**Work order**
An exact transcription is needed, starting at the line containing "Blonde Mink Fur" and running through the last line of the records, with every picture left out.
Extracted material Start Marker
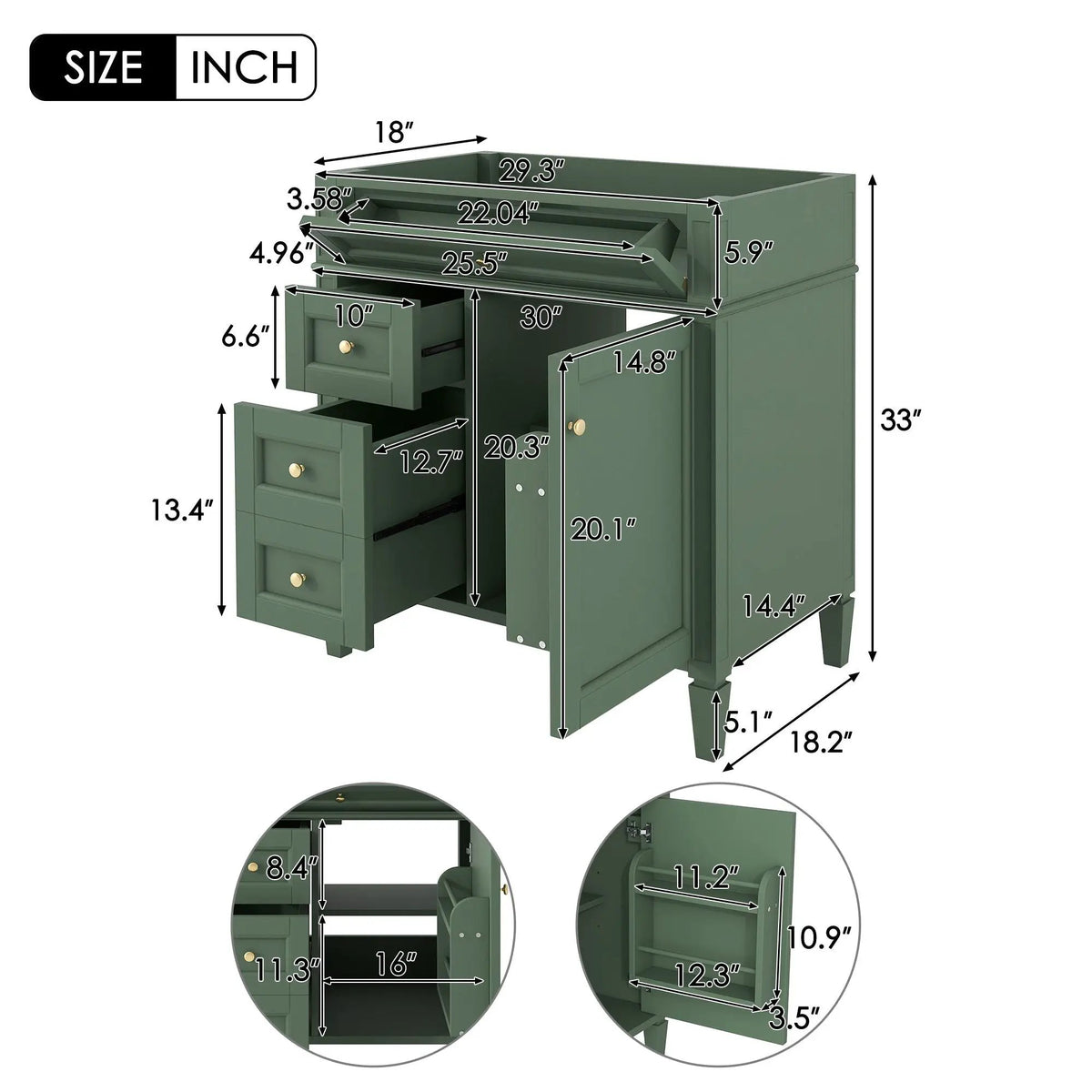 Bathroom Vanity | 3 Drawers | Blue Finish | Tip Out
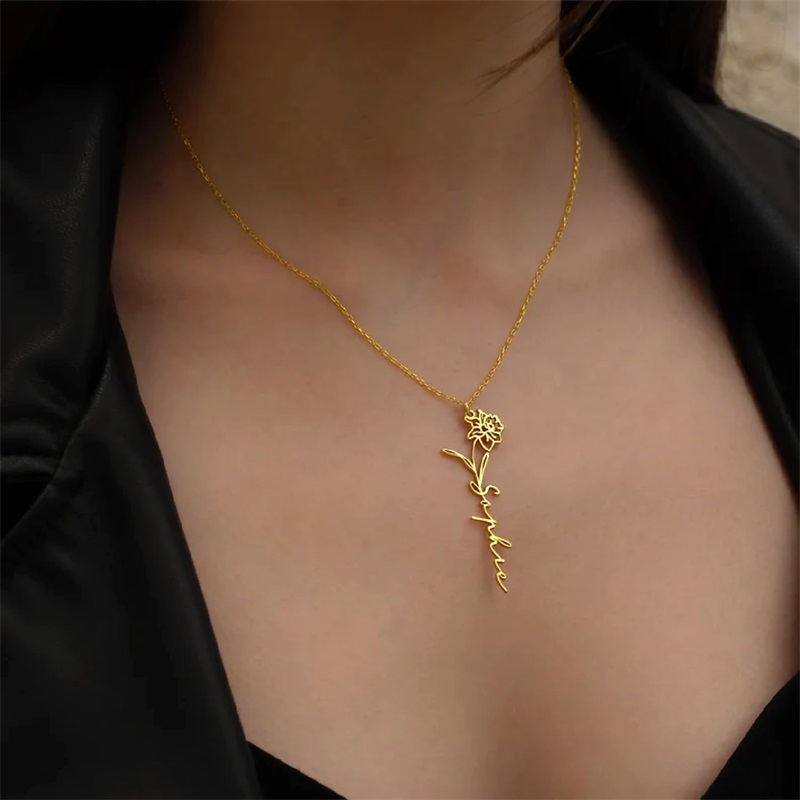 Personalized Birth Flower Name - Birth Flower Necklace reseña y precio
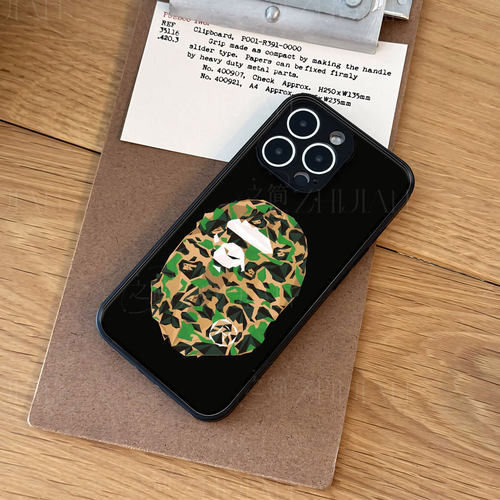 BAPE迷彩猿头磁吸磨砂黑框电镀玻璃手机壳适用苹果iphone17promax华为VIVOX100SPROOPPORENO8PROPLUS1加ACE6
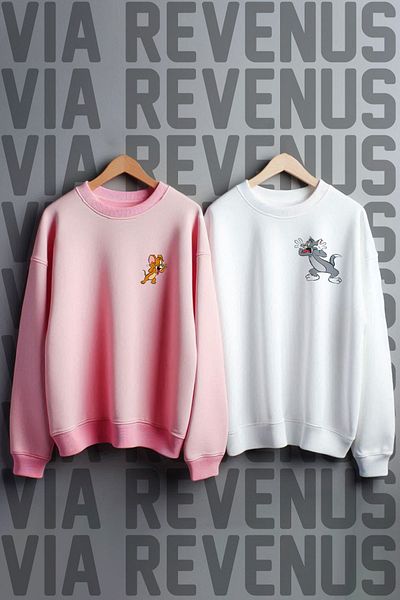 Vordevia Φούτερ με στάμπα Tom and Jerry Crew Neck Lover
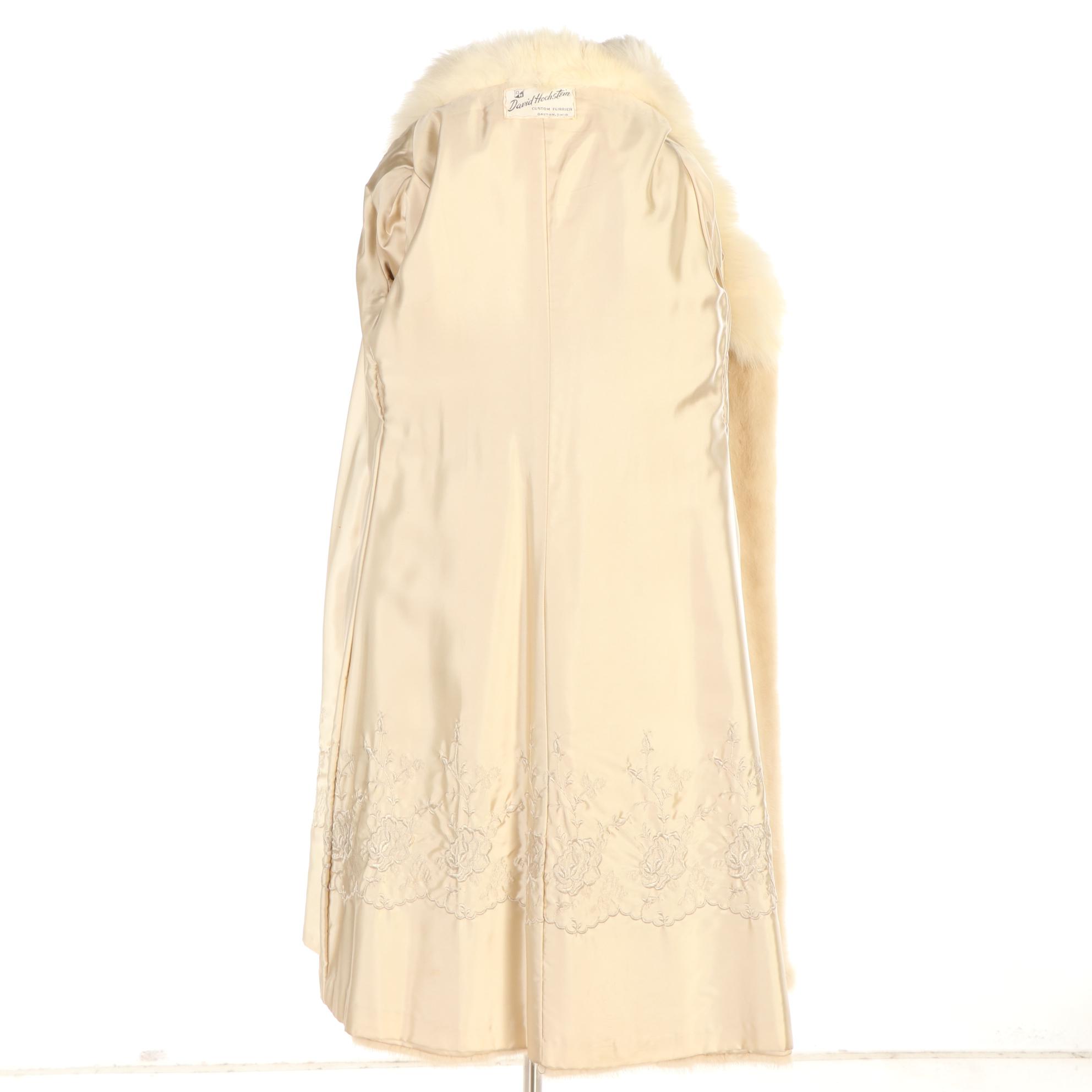 Blonde Mink Fur Belted Coat w/Fox Fur Spread Notch Collar by David Hochstein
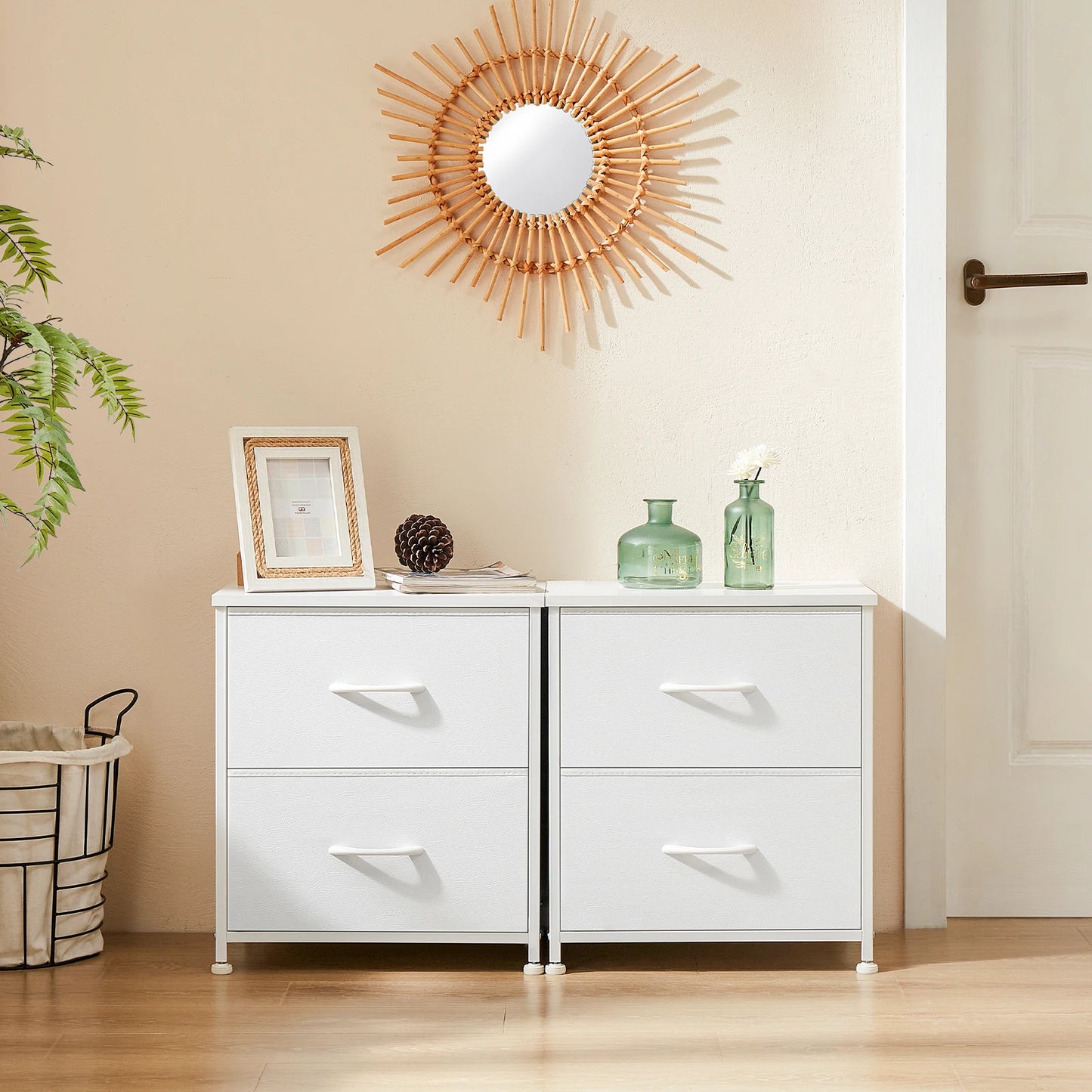 2 Drawer Bedside Coffee Sofa Tea Table Storage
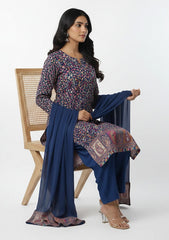 Winter - Riwaj - Pashmina Suit - Kaani Jamawar - Premium 25 - D#46 - N Blue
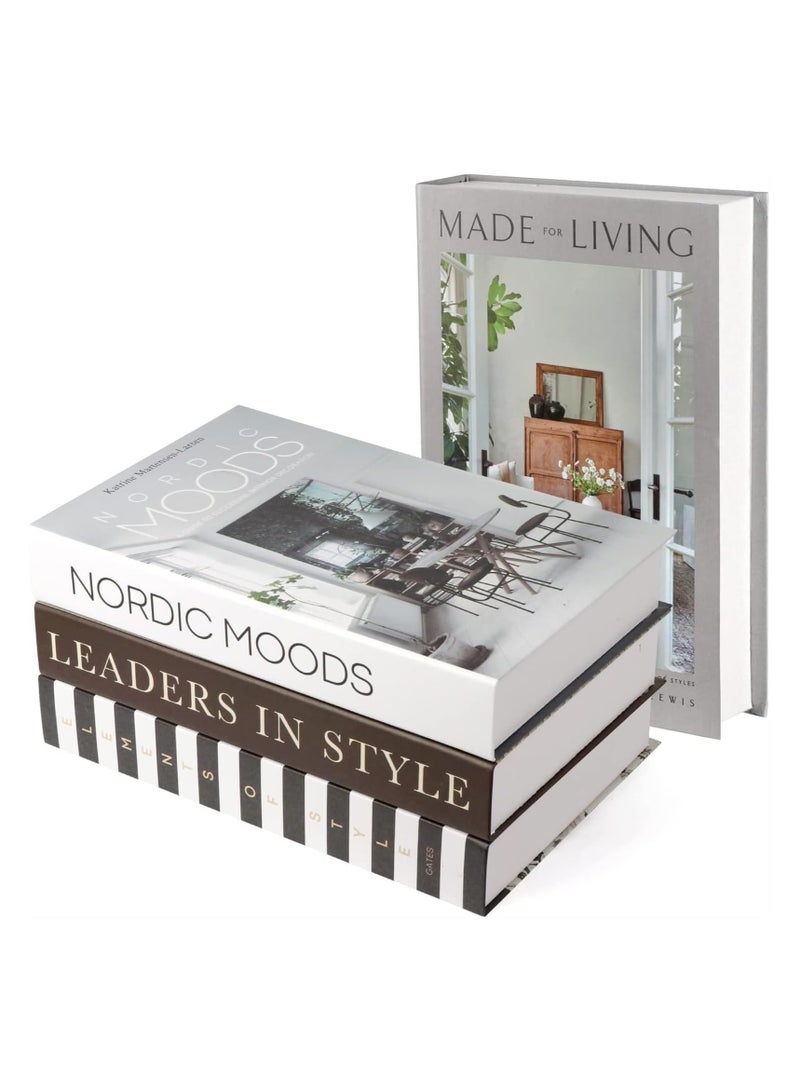 4PCS Faux Books for Decoration, Modern Fashion Decorative Books Set for Hardcover Home Decor, Fake Book Stacks Display for Bookshelf Living Room Decor - Image 5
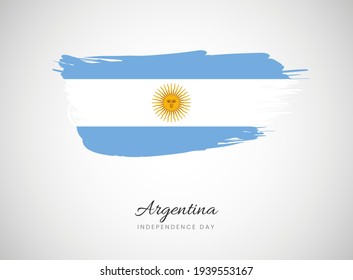 Classic brush flag illustration for Happy independence day of Argentina background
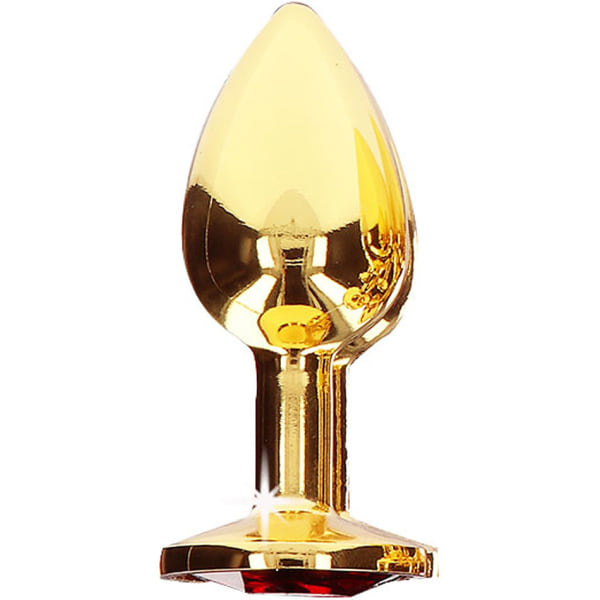 Taboom Luxury: Diamant Juvel Buttplug Guld, Röd Small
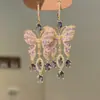Pendientes Explosivos Dulces, Ligeros, de Lujo y Gama Alta con Borlas de Mariposa, Exquisito Diseño Retro Exagerado de Nicho y Pendientes Elegantes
Extracted material End Marker
**Answer to the exercise**
 Blonde Mink Fur Belted Coat w/Fox Fur Spread Notch Collar by David Hochstein
 2 Drawer Bedside Coffee Sofa Tea Table Storage
 Winter - Riwaj - Pashmina Suit - Kaani Jamawar - Premium 25 - D#46 - N Blue
 4PCS Faux Books for Decoration, Modern Fashion Decorative Books Set for Hardcover Home Decor, Fake Book Stacks Display for Bookshelf Living Room Decor - Image 5
 Classic brush flag illustration for Happy independence day of Argentina background
 Taboom Luxury: Diamant Juvel Buttplug Guld, Röd Small
Pendientes Explosivos Dulces, Ligeros, de Lujo y Gama Alta con Borlas de Mariposa, Exquisito Diseño Retro Exagerado de Nicho y Pendientes Elegantes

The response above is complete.